From Moscow’s standpoint, this means lower projections of the overall gas output for the coming decade. Shtokman was the declared top priority for gas field development in Russia; the first major, export-oriented new development (apart from Sakhalin in the Pacific) since the Soviet era. Long-proposed investments in other new Russian fields (Bovanenkovo and other fields in Yamal’s north) have yet to materialize. High investment costs render those Arctic fields even less attractive to international companies after the advent of LNG and unconventional gas.
With Shtokman suspended, and Bovanenkovo development postponed again, the prospect of a Russian gas shortfall in the years ahead (as anticipated also by Gazprom itself, prior to the 2009 recession) is taking on sharper contours.
Shtokman’s halt carries positive implications for Europe from the standpoints of supply diversity and market competition. Pipeline-delivered gas from Shtokman would have further increased European reliance on Russian-delivered gas; and it would boost gas prices through the high-priced Shtokman gas.
One portion of Shtokman’s future output was presumably to be pumped from the Barents Sea, across the Kola Peninsula, into the second line of Gazprom’s Nord Stream pipeline on the Baltic seabed. With the Shtokman project’s halt, the second line of Nord Stream would have to be at least delayed and possibly cancelled. This would depend on Shtokman’s ultimate fate, unless Gazprom re-directs gas volumes from other fields or other consumers to supply Nord Stream’s second line.
Nord Stream was planned to export 55 billion cubic meters (bcm) of gas (at 27.5 bcm through each line), to Germany as prime consumer and the Netherlands and France as lesser consumers. The first stage is planned to become operational by 2015, made possible by multi-billion Euro credit guarantees from the German government. While French and Dutch participation can be regarded as a supply-diversification measure on the national level (though not on the European), Germany’s participation increases the country’s already high dependence on Russian gas, with the attendant political ramifications.
German and other companies that staked their strategies on Russian gas are now trying to escape the constraints of long-term, oil-indexed, take-or-pay contracts with Gazprom. Such obligations, meanwhile, complicate those companies’ efforts to take advantage of the fast-growing spot markets and LNG availability in Europe.
Shtokman gas was a hypothetical source for the Nord Stream pipeline’s second stage. Officially, Russia has not earmarked any gas resources for Nord Stream’s second stage thus far. German consumers and industry would benefit by its demise.
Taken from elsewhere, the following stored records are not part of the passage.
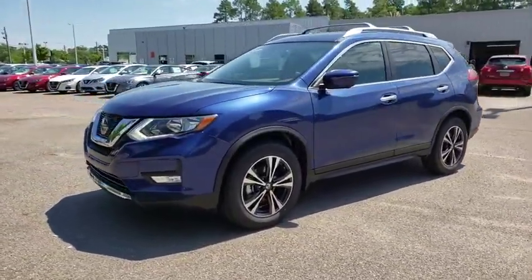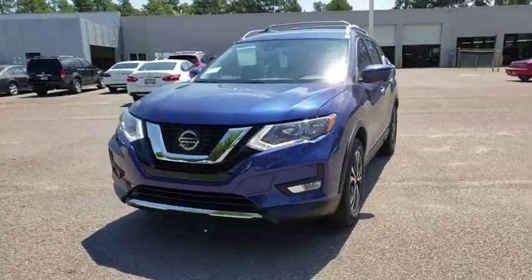This vehicle has less than 100 miles. Here are some of this vehicle's great options.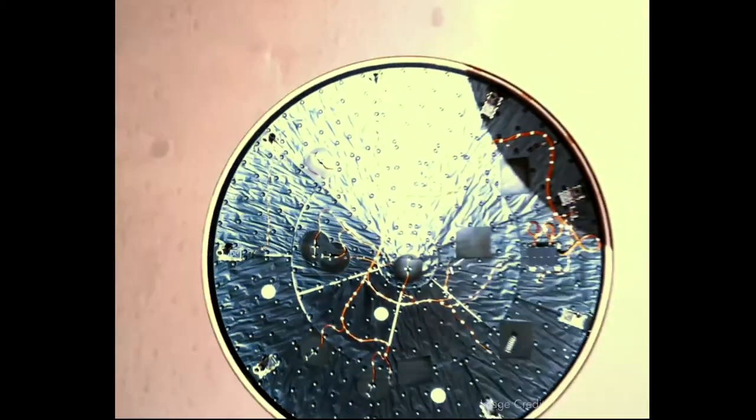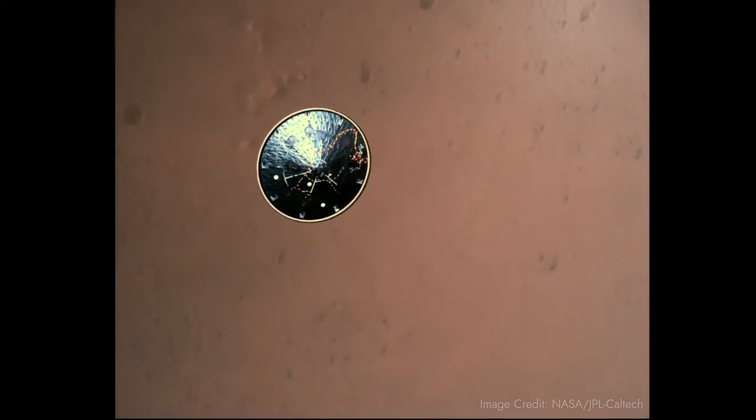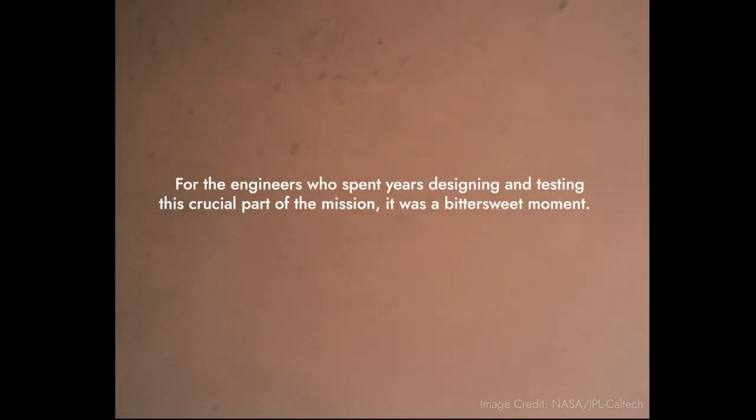Heat shield set. Perseverance has now slowed to subsonic speeds and the heat shield has been separated. This allows both the radar and the cameras to get their first look at the surface. Current velocity is 145 meters per second and an altitude of about 9.5 kilometers above the surface.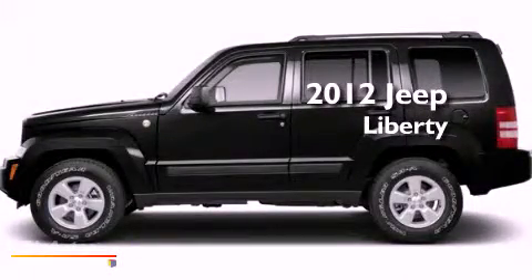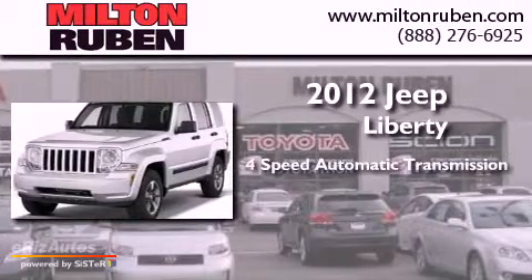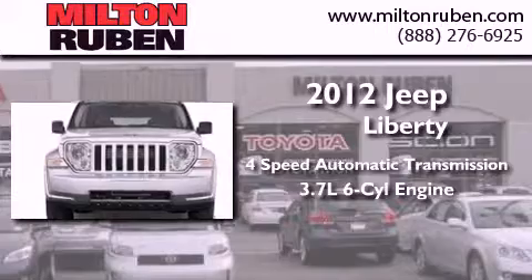This is a brand new 2012 Jeep Liberty. This SUV has a 4-speed automatic transmission and a 3.7-liter V6.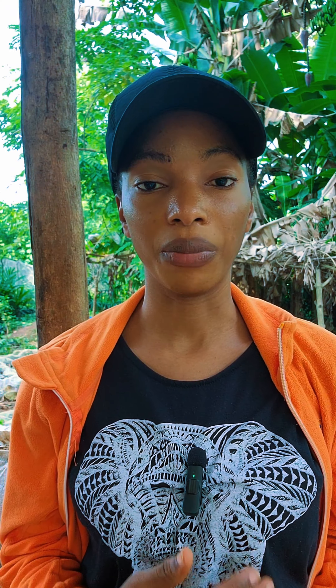This is Farmer Elizabeth, your favorite farmer. Food processing involves several steps — there are a lot of things you need to put in place before you even start off your own food processing. Whether you're looking at processing yam flour, going into spices, whatever kind of food processing you're looking at, it involves several steps.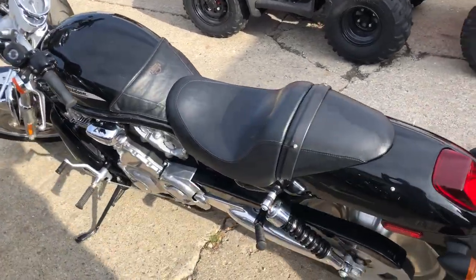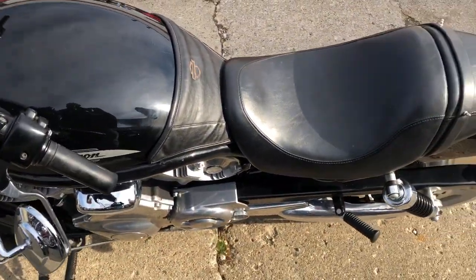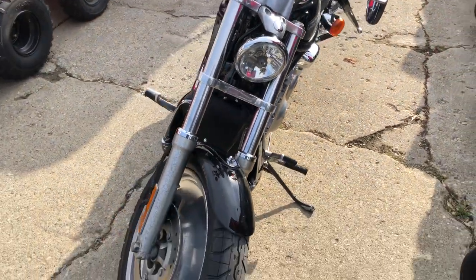It runs strong, everything works, and needs nothing. It's just been serviced at the dealership, inspected, all fluids changed, and ready to ride. It's a great bike for the money.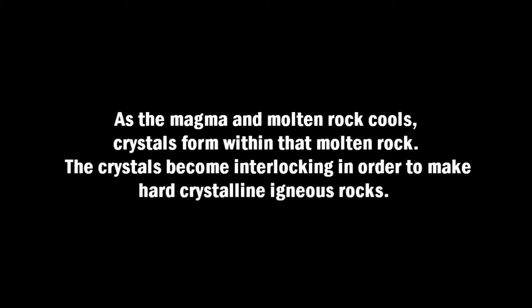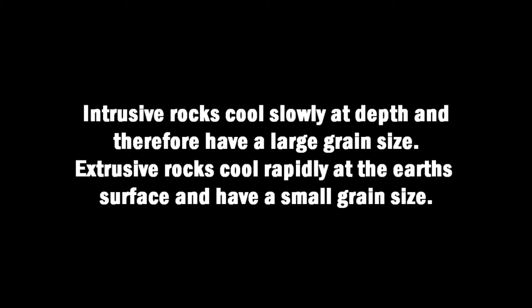Recap and review. Igneous rock is a rock formed by magma. As the magma and molten rock cools, crystals form within that molten rock and the crystals become interlocking in order to make hard crystalline igneous rocks. Igneous rocks may form either below the Earth's surface or on the surface — better known as intrusive or extrusive formation. Intrusive rocks cool slowly at depth and therefore have a large grain size, whereas extrusive rocks cool rapidly at the Earth's surface and have a small grain size.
Unconventional gas extraction (from shale and other “hard gas” formations) in the United States is rapidly transforming the international gas trade. The US overtook Russia in 2009 as the world’s leading producer with 624 bcm (Bloomberg, January 13). Unconventional gas has turned the US from a net consumer into a self-sufficient market in 2009, and potentially into a net exporter through LNG.
As recently as mid-2009, Gazprom was advertising its plans to capture a sizeable US market share through LNG from Shtokman. It must now renounce this goal.
Along with LNG development, the globalized gas trade is challenging Gazprom’s business model in Europe. That model was predicated upon continental pipelines, market compartmentalization, long-term dependent partners, captive consumers, and (in recent years) the anticipation of gas becoming a scarce commodity in Europe, to be administered by gas-rich Russia for Europeans. Thus, exorbitant production costs or purchase prices were to be paid to Russia for “access” to its gas. The Shtokman project can now be seen as a relic of that period and its disproved assumptions.